Yine her iki kitapta da son sayfayı çevirince aklımda kalan şey: Kadın yok! Elbette Yüzler’de kadınlar var, ancak bunlar prototip karakterler. Cinsinin, mesleğinin genel geçer özellikleriyle yüklü, romanda figüran gibi duran tipler. Zeynep, Ayşe-Naz ile Nazan. Zeynep Arif’in hapisane sonrası ‘’standartlara uygun, sınıf atlamış, hayatını hale yola koymuş adam’’ fotoğrafının tamamlayıcısı iken, Naz Arif’in sıkıntılı ve tatminsiz yozlaşmasının hem kaçışı hem sonucu olan, parayla satın alınan haz’ına eşlik eder sadece. Nazan ise Orhan’ın dibe vurmasına sebeptir, aşık olup kaçtığı evli adam Orhan hapse düşünce ‘’utandığı için’’ İstanbul’a, ailesine dönemez Nazan, ‘’sahipsiz’’ kaldığı için de hemen yeni bir ‘’sahip’’ bulur kendine. Orhan onu diğer adamdan kurtarır elbet hapisten çıkınca, ama Nazan artık Orhan’dan da ‘’utandığı’’ için döner İstanbul’a. Tipik 3. sayfa haberine dönüşmez Nazan Yüzler’de ama kitapta aynen öyle resmedilmiştir: Kategorize edilmiş bir kadın karakterdir. Erkek karakterlerde gördüğümüz ayırt edicilik kadınlarda yoktur. Erkek karakterlerin gerçeği midir, romanın gerçeği midir, yazarın tercihi midir bilinmez ama kadınlar standart algının şekillendirdiği kadın karakterler olarak rollerini oynamaktalar romanda: Ne eksik, ne fazla!

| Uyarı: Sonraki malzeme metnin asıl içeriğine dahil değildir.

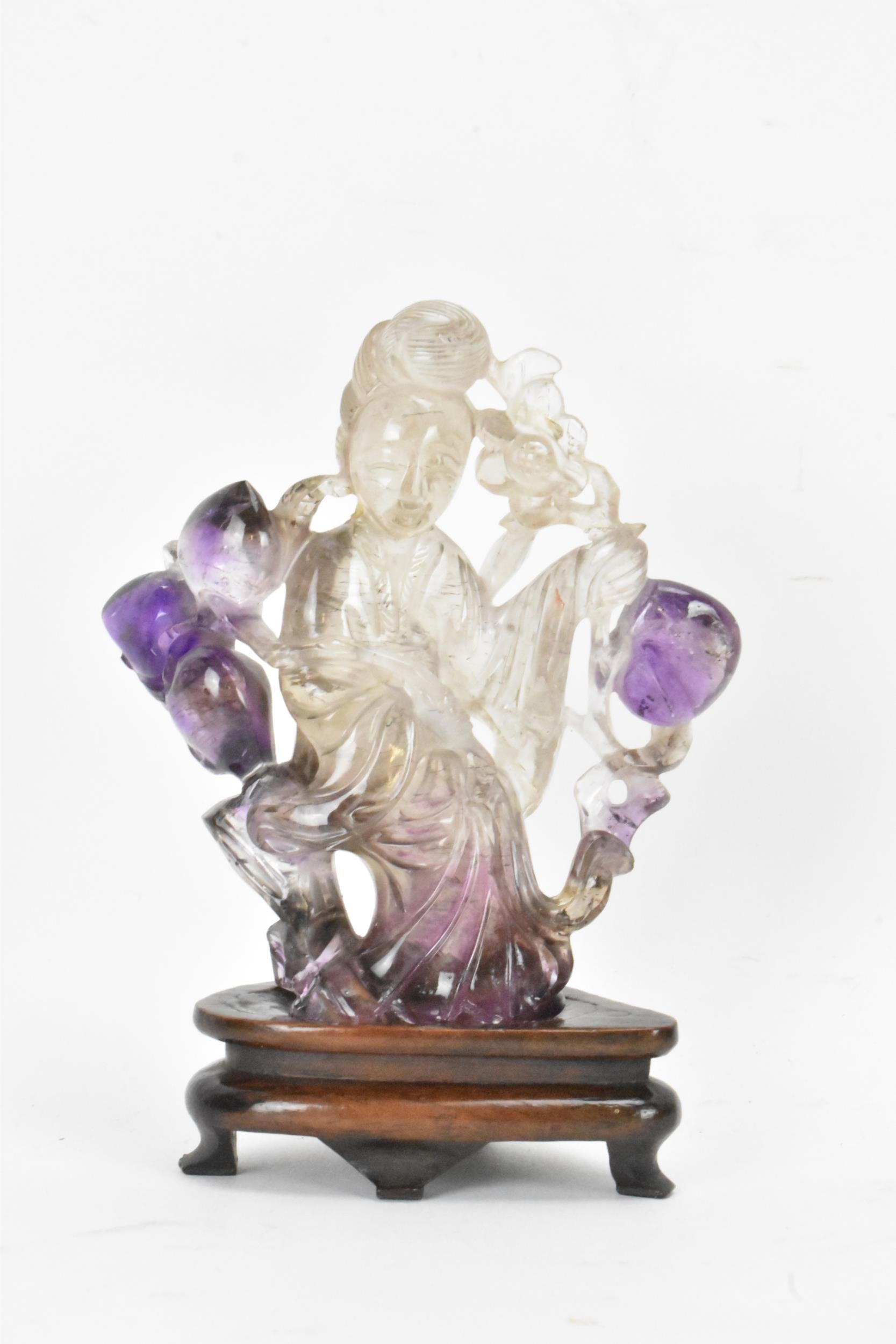 A 20th century Chinese carved amethyst figure of Guanyin, the goddess of mercy, in a seated position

Herşey hayatın gerçeğine uygundur Yüzler’de. Edebiyat belki de bunun için vardır: hayatın gerçeği deyip geçtiğimiz, alıştığımız şeyleri yeniden gözümüze sokmak için…
Canımızı sıksa da, ‘’başka türlüsü mümkündü’’ derken dönüp kendi hayatlarımıza bakarız bir kez daha: 12 Eylül devam etmektedir, sadece yaşlanan hikayelerde değil gündelik hayata yenildiğimiz her yerde… (NGU/HK)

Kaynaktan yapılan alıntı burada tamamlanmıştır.